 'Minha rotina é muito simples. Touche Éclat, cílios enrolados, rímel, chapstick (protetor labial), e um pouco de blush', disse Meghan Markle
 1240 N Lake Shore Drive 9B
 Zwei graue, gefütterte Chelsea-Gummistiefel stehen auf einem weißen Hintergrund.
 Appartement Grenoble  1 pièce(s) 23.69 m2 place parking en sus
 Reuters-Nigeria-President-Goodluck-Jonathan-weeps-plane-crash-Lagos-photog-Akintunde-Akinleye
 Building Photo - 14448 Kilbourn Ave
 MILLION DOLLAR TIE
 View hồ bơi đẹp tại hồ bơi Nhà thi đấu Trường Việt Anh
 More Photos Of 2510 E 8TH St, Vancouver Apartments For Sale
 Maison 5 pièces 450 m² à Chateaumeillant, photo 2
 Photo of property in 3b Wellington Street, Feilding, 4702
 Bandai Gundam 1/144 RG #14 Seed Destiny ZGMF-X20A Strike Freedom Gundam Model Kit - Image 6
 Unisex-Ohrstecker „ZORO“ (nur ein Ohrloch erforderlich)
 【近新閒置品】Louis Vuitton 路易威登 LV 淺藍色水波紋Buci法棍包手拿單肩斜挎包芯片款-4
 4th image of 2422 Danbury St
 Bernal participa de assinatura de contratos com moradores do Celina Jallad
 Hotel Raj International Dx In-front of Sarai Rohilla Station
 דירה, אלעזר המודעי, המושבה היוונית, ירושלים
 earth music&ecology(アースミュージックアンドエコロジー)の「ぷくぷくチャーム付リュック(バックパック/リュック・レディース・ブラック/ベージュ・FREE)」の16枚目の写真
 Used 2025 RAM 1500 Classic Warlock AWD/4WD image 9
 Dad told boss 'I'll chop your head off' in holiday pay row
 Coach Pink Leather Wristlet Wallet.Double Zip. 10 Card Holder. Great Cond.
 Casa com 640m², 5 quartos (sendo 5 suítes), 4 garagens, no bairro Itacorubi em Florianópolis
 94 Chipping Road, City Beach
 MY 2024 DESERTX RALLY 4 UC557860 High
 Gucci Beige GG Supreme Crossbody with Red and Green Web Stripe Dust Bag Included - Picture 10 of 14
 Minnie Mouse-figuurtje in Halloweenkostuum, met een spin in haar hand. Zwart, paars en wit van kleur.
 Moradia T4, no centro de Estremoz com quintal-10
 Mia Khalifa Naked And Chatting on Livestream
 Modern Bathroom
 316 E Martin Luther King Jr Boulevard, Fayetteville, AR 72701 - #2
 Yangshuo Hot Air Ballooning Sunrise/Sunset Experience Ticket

> **WHAT TO PRODUCE**
Write down the full listing again, exactly.

> **SOLUTION FOR THIS PROBLEM**
 'Minha rotina é muito simples. Touche Éclat, cílios enrolados, rímel, chapstick (protetor labial), e um pouco de blush', disse Meghan Markle
 1240 N Lake Shore Drive 9B
 Zwei graue, gefütterte Chelsea-Gummistiefel stehen auf einem weißen Hintergrund.
 Appartement Grenoble  1 pièce(s) 23.69 m2 place parking en sus
 Reuters-Nigeria-President-Goodluck-Jonathan-weeps-plane-crash-Lagos-photog-Akintunde-Akinleye
 Building Photo - 14448 Kilbourn Ave
 MILLION DOLLAR TIE
 View hồ bơi đẹp tại hồ bơi Nhà thi đấu Trường Việt Anh
 More Photos Of 2510 E 8TH St, Vancouver Apartments For Sale
 Maison 5 pièces 450 m² à Chateaumeillant, photo 2
 Photo of property in 3b Wellington Street, Feilding, 4702
 Bandai Gundam 1/144 RG #14 Seed Destiny ZGMF-X20A Strike Freedom Gundam Model Kit - Image 6
 Unisex-Ohrstecker „ZORO“ (nur ein Ohrloch erforderlich)
 【近新閒置品】Louis Vuitton 路易威登 LV 淺藍色水波紋Buci法棍包手拿單肩斜挎包芯片款-4
 4th image of 2422 Danbury St
 Bernal participa de assinatura de contratos com moradores do Celina Jallad
 Hotel Raj International Dx In-front of Sarai Rohilla Station
 דירה, אלעזר המודעי, המושבה היוונית, ירושלים
 earth music&ecology(アースミュージックアンドエコロジー)の「ぷくぷくチャーム付リュック(バックパック/リュック・レディース・ブラック/ベージュ・FREE)」の16枚目の写真
 Used 2025 RAM 1500 Classic Warlock AWD/4WD image 9
 Dad told boss 'I'll chop your head off' in holiday pay row
 Coach Pink Leather Wristlet Wallet.Double Zip. 10 Card Holder. Great Cond.
 Casa com 640m², 5 quartos (sendo 5 suítes), 4 garagens, no bairro Itacorubi em Florianópolis
 94 Chipping Road, City Beach
 MY 2024 DESERTX RALLY 4 UC557860 High
 Gucci Beige GG Supreme Crossbody with Red and Green Web Stripe Dust Bag Included - Picture 10 of 14
 Minnie Mouse-figuurtje in Halloweenkostuum, met een spin in haar hand. Zwart, paars en wit van kleur.
 Moradia T4, no centro de Estremoz com quintal-10
 Mia Khalifa Naked And Chatting on Livestream
 Modern Bathroom
 316 E Martin Luther King Jr Boulevard, Fayetteville, AR 72701 - #2
 Yangshuo Hot Air Ballooning Sunrise/Sunset Experience Ticket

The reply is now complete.